The findings are summarized:
The study uses data from a full-scale audit of the Fed conducted by the General Accounting Office to examine whether banks with political connections were more likely to receive emergency loans during the financial crisis. The Fed is politically independent, and its decision making, including its loans, should be motivated by the best interest of the credit markets and the economy in general. Nonetheless, this study finds a high degree of correlation between political connections and the likelihood of a bank receiving emergency support from the Fed during the financial crisis.

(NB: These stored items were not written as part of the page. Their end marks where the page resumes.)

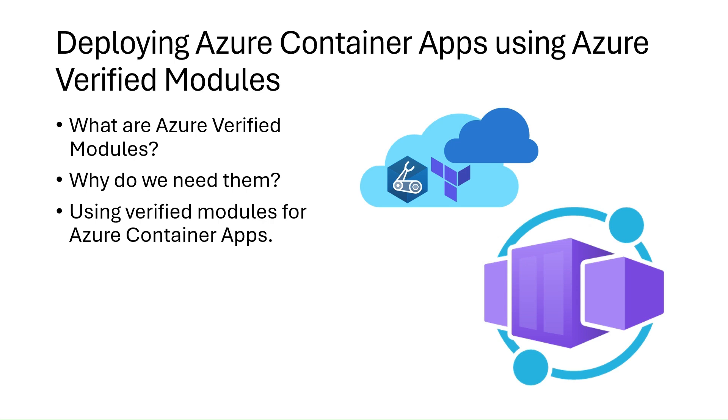Hi everyone, my name is Will Valida. I'm a software engineer and cloud architect, and in this video we're going to learn a little bit about Azure Verified Modules, what they are and why we need them.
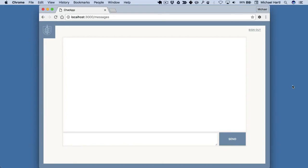Rather than take the time to build the base app from scratch, instead we'll start from the existing application by forking and cloning from a repository that I've already created. The source code for the base application is hosted at GitHub, so let's take a look at it.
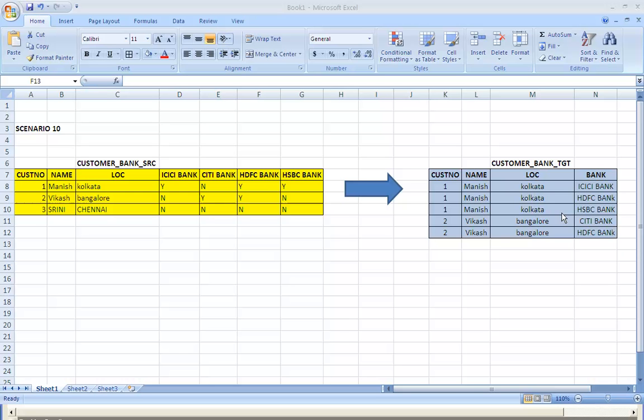Hi, this is Manish. Today I am going to tell you about normalizer transformation and using normalizer transformation I will solve this scenario.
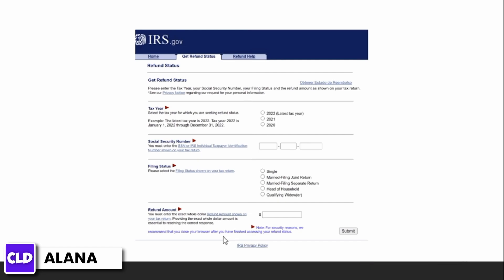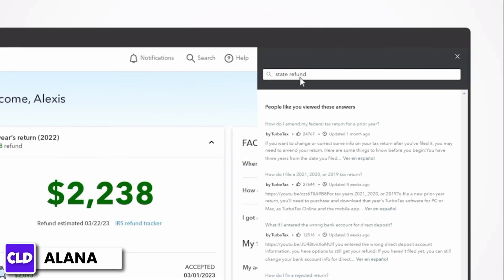The best way to track your state refund is by going to the state taxes website. For that, sign into TurboTax and search for state refund, then select how do I track my state refund and choose your state.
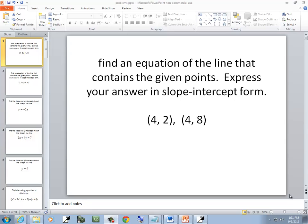In this problem, we want to find the equation of the line that contains the given points. Express your answer in slope-intercept form.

- Banks receiving emergency loans spent 72 times more on lobbying expenditures in the decade before the crisis than banks that did not receive loans; 15 percent of firms receiving support from the Fed employed politically connected individuals; for banks that did not get a loan from the Fed, only 1.5 percent had a well-connected employee.
- Banks that lobbied the Fed or employed politically connected individuals were more likely to receive emergency loans. The study still finds a relationship between political connections and the likelihood of receiving an emergency loan from the Fed even after controlling for bank size and eliminating from the sample firms listed as “too big to fail” by the Financial Stability Board.
- When controlling for factors like size and designation as “too big to fail,” politically active firms on average received larger loans than banks without political connections.
- Banks that employed politically connected individuals were generally in debt to the Fed for longer than those that did not have such employees
Explaining why politically connected banks were more likely to receive emergency assistance will require more research, but in view of the Fed’s political independence, there are at least three different possible explanations for the results:
Information available to the Fed: The Fed possibly had more information about politically active banks; therefore, awarding loans to those institutions was an easier decision.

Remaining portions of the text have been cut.